▸ About this exercise:
Images do not belong in the copy. Retype all the entries below exactly.

▸ Provided records:
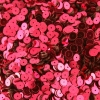 Sequins Flat Fuchsia 6mm
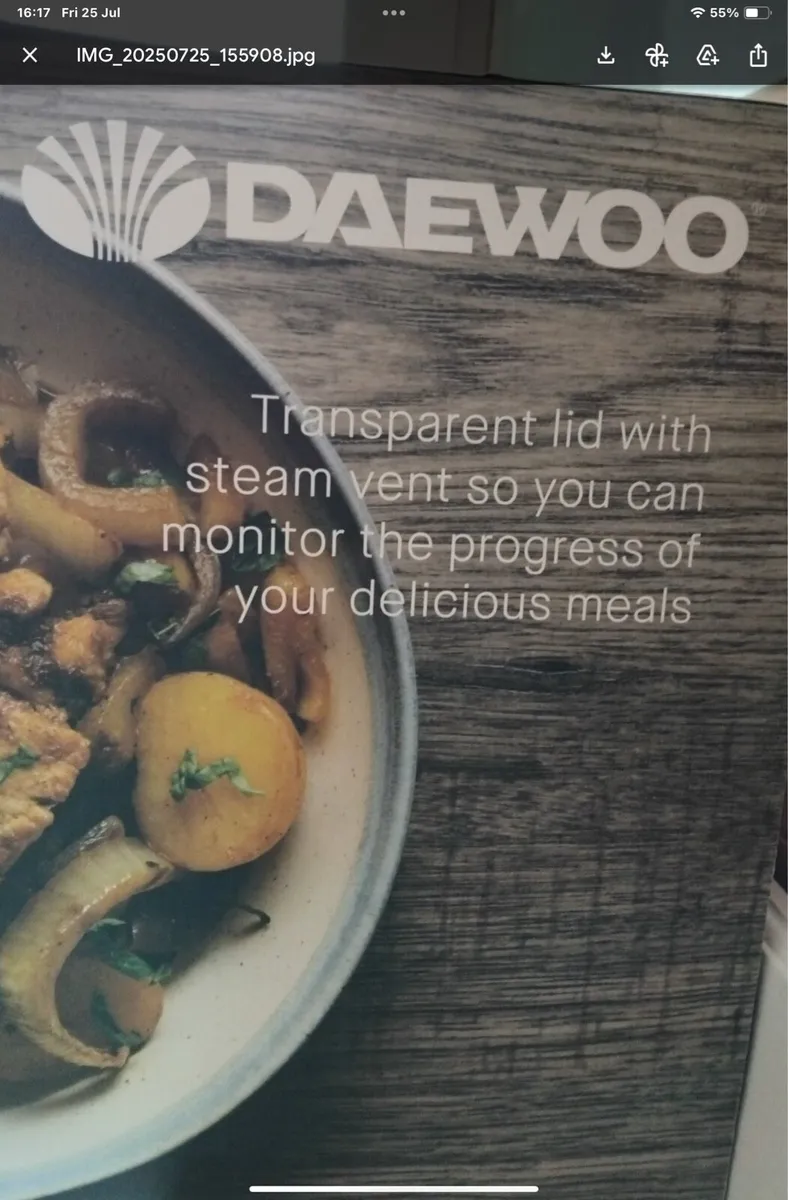 Daewoo 6:5 litre slow cooker.new - Image 2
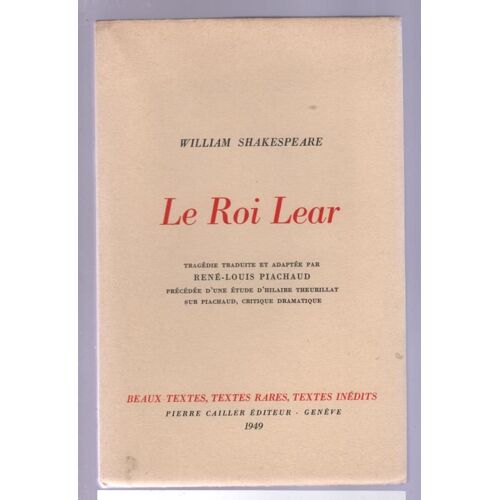 Le Roi Lear.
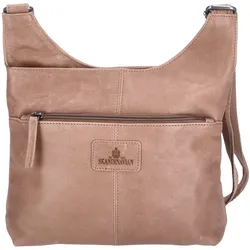 The Skandinavian Brand Leder Umhängetasche  beige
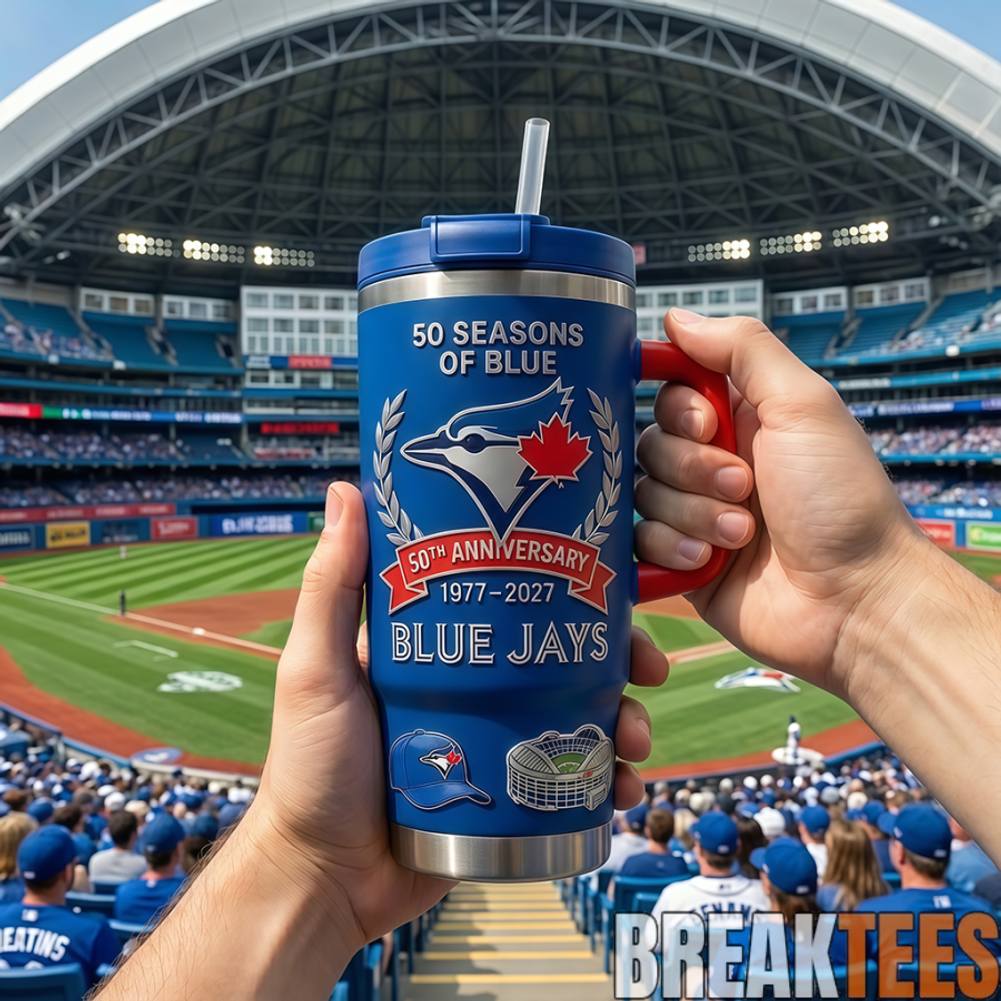 Toronto Blue Jays 50th Anniversary 50 Seasons of Blue YETI Tumbler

▸ Answer space:
 Sequins Flat Fuchsia 6mm
 Daewoo 6:5 litre slow cooker.new - Image 2
 Le Roi Lear.
 The Skandinavian Brand Leder Umhängetasche  beige
 Toronto Blue Jays 50th Anniversary 50 Seasons of Blue YETI Tumbler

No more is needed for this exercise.